- Bir mektup yaz, dedi dostum. "Ona
halini beyan et."
- Utanırım.
dedim. "Çok oldu konuşmayalı,
yazışmayalı neredeyse yıl oldu. Sevmiştir belki birisini, mutludur belki.
Bozamam onun huzurunu, gölge olamam onun saadetine. Onun bu dünyada bir an için
bile mutlu olması için beni görmemesi gerekiyorsa inan ömrümün sonuna kadar ona
görünmem.
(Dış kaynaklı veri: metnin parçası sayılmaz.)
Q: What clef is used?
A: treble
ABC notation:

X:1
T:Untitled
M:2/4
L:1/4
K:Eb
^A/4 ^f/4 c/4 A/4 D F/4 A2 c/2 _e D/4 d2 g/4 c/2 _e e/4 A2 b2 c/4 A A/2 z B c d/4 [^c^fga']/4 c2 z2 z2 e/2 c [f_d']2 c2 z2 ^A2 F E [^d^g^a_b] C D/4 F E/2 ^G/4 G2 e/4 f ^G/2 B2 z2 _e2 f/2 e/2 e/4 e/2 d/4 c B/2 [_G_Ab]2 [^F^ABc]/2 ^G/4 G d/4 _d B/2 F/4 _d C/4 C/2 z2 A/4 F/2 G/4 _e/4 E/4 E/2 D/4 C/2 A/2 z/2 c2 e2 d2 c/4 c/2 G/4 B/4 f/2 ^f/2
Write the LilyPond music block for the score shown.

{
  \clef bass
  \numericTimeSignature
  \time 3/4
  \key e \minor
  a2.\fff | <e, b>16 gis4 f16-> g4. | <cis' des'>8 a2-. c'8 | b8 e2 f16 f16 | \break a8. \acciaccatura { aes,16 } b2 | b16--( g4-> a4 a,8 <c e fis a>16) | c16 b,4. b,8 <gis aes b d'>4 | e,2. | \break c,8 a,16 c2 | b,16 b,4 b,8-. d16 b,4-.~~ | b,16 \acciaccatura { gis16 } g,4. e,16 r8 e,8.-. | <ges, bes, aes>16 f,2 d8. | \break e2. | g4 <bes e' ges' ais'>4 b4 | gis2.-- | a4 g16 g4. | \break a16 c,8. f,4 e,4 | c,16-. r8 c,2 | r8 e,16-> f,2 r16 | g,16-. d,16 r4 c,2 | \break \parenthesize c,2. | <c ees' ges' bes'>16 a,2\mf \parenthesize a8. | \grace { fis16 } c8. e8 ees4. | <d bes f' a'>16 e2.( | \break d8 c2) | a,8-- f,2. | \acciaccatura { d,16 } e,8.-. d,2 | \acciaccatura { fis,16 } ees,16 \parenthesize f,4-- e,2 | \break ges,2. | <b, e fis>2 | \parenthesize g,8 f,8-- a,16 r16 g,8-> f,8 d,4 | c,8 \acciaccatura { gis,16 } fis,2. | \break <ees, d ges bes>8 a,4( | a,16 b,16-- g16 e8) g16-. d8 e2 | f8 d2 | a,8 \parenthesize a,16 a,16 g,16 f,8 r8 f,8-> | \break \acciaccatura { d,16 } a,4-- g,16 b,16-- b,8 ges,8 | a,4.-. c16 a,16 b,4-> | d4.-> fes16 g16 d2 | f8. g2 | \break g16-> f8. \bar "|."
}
Tek mutlu olsun, gülsün... Bileyim bunu."
- Yaz, dedi
emrivaki bir şekilde. "Onun adını
vermiyorsun yazarken ona bir zararın olmaz. Belki o da bekliyordur yazmanı, belki
o da özlüyordur seni. Belki o da sana susuyordur."
- Nasıl başlayacağımı bilmiyorum yazmaya.dedim.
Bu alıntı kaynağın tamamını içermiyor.